The state of California is moving forward with a plan to allow an energy company to issue bonds to victims of last year’s Tubbs Fire event.
Earlier this week, California senator Bill Dodd said that the plan’s details are still being ironed out, but a proposal may be issued soon. The plan is a part of a comprehensive wildfire bill currently undergoing evaluation by a state conference committee.
Legislators are looking to complete the bill, AB 33, before the legislative session ends August 31, Bloomberg reported.
The plan would help PG&E – the utility company linked to the Tubbs Fire – which is currently exposed to billions in damages related to the Tubbs Fire. While state fire investigators have yet to issue a statement on the cause of the wildfire event, a CalFire report found that PG&E’s power lines may have caused 12 fires, which burned over 150,000 acres and led to the deaths of nine.

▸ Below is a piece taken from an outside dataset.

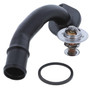 Motorad Thermostat Kit-195 Degrees w/ Seal 5168KT - angled view
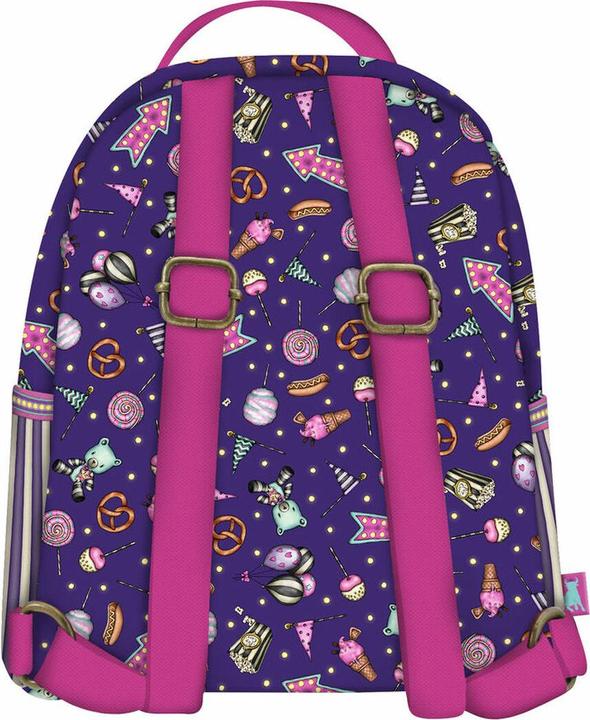 Actual product image Santoro Small backpack Gorjuss Fairground up and away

Although lawmakers have pushed AB 33, they have also seemingly abandoned another legal effort – one that would change state liability laws.
Current liability laws in California would hold PG&E liable for tens of billions of dollars in wildfire damages under the “inverse condemnation” doctrine. But some lawmakers and PG&E had initially proposed a reformation to the law that drops inverse condemnation, which would have protected the company and other utilities from covering future wildfire damages that are not directly their fault.